Akıllı deterjan yönetimi: i-Dos ile her yıkamada doğru ölçü 

Makineyi tamamen doldurunca veya tek parça kıyafeti makineye attığınızda ne kadar deterjan koyacağınızı bilemiyor olabilirsiniz. İşte tam bu noktada i-Dos Deterjan Tarama teknolojisi devreye giriyor. Siemens Home Connect üzerinden şişelerin barkodunu okutup su sertliği ve deterjan yoğunluğunu makineye iletiyor, i-Dos ise her yıkamada doğru miktarı otomatik olarak ayarlıyor. Üstelik Siemens Home Connect uygulaması, deterjan seviyesini takip ederek deterjanınız tükenmeden önce size haber veriyor. Tek yapmanız gereken uygulamayı telefonunuza yüklemek ve çamaşır makinenizi uygulamaya bağlamak. 

stainRemoval teknolojisi: Zorlu lekelerle inatlaşmayı unutun 

Çay, yağ, makyaj, çikolata lekeleri… Gün içinde fark etmeden üzerinize bulaşan lekeler artık kâbus olmaktan çıkıyor. Siemens iQ500 çamaşır makinesi ile stainRemoval teknolojisi devreye giriyor. Tek bir dokunuşla çay, yağ, kozmetik veya günlük hayatta karşılaştığınız diğer zor lekeler için özel programları aktif edebilirsiniz. 

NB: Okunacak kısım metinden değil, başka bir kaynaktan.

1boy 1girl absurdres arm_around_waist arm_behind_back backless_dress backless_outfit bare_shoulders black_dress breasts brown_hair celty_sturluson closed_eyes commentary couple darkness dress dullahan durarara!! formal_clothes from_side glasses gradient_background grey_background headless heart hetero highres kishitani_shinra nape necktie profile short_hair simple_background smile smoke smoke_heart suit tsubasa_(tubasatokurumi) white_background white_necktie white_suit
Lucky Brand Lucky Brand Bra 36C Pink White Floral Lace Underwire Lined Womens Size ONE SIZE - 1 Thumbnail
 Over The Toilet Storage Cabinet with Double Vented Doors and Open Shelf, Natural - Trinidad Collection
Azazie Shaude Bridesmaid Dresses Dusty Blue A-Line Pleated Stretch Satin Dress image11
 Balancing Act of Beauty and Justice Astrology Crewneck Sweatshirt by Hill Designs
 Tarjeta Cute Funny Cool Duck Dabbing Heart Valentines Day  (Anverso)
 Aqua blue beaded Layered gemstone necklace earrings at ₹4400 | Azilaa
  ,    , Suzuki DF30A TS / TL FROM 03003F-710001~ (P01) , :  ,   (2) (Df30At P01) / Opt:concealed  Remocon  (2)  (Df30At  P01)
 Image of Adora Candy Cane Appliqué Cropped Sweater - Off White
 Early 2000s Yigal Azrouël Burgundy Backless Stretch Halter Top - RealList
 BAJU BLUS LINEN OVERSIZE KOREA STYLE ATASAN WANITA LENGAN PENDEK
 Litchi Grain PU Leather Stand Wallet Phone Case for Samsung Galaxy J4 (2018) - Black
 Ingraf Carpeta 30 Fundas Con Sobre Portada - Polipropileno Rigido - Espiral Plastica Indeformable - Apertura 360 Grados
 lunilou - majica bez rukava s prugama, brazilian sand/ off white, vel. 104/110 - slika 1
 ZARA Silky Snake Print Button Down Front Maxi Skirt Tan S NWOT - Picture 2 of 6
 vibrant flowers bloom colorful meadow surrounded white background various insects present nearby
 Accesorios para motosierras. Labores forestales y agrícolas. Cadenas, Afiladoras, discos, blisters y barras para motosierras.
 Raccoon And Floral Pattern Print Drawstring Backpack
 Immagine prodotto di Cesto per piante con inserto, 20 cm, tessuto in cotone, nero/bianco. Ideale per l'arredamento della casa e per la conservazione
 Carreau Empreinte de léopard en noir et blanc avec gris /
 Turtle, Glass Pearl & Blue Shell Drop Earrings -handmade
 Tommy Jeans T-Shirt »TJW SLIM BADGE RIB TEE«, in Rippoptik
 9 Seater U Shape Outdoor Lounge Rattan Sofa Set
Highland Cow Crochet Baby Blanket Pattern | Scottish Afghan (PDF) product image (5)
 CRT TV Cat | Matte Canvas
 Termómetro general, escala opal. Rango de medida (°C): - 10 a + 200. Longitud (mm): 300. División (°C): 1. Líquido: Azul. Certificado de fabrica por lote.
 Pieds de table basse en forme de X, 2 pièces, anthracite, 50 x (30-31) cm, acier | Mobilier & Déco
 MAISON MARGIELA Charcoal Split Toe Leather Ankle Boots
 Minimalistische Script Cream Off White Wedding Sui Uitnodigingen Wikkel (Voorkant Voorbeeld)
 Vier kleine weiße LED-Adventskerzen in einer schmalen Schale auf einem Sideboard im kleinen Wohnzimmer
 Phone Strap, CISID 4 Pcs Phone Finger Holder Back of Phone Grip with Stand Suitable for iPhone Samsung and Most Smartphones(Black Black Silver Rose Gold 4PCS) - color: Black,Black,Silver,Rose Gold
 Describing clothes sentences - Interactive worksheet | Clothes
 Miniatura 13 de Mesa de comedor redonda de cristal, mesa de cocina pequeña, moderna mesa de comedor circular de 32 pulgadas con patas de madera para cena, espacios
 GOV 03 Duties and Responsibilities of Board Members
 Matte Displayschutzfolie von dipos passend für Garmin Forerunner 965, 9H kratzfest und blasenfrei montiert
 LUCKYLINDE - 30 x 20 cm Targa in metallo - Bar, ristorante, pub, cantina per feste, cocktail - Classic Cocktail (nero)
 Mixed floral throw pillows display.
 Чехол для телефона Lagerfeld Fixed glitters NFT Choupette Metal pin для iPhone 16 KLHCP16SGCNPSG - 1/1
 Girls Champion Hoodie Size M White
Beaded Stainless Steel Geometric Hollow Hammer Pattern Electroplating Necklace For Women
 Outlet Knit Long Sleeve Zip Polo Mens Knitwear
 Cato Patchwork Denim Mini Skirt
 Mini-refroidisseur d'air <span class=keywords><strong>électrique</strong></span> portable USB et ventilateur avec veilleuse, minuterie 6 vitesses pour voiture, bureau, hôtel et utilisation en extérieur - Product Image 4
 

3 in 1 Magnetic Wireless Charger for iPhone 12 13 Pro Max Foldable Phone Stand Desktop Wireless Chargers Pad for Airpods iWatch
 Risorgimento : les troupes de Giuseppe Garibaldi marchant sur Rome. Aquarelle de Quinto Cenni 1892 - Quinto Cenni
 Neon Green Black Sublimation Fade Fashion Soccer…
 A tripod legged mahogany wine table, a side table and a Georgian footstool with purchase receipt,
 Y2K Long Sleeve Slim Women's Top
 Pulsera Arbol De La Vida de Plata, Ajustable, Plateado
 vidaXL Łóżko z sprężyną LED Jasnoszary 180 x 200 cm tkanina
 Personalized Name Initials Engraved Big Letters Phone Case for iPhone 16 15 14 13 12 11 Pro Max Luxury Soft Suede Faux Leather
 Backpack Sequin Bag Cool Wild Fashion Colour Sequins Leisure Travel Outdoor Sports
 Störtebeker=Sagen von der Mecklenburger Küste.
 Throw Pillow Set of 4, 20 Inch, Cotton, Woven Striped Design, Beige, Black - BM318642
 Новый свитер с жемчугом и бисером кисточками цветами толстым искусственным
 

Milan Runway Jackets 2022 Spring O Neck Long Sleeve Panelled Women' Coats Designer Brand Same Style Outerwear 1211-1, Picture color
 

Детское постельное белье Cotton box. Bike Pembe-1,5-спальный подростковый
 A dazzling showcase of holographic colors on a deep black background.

Siemens Home Connect uygulaması sayesinde daha fazla leke türünü ve bunlar için geliştirilmiş özel programları keşfetmek de mümkün. Yani sadece “lekeyi çıkar” demekle kalmıyor, sizin için en doğru yıkama programını da otomatik olarak öneriyor. Böylece hem lekelerle uğraşmak zorunda kalmıyor hem de giysilerinizin ömrünü koruyorsunuz. 

Artık çocuğunuza yemek yedirirken dökülen yemek lekeleri, kahve kazaları ya da mutfakta sıçrayan yağ lekeleri sizi endişelendirmiyor. stainRemoval, günlük hayatın getirdiği küçük sürprizlere karşı en güvenilir yardımcınız oluyor. 

Siemens iQ500 çamaşır ve kurutma makineleri, artık sadece kıyafetlerinizi temizleyen makineler değil; size zaman, konfor ve güven veren akıllı iş ortaklarınızdır. Ütüye harcadığınız vakti kendinize ayırın, lekelerle uğraşmayı unutun ve teknolojinin yaşam alanınıza uyumunun keyfini yaşayın.

*Bu yazı Siemens’in katkılarıyla hazırlanmıştır.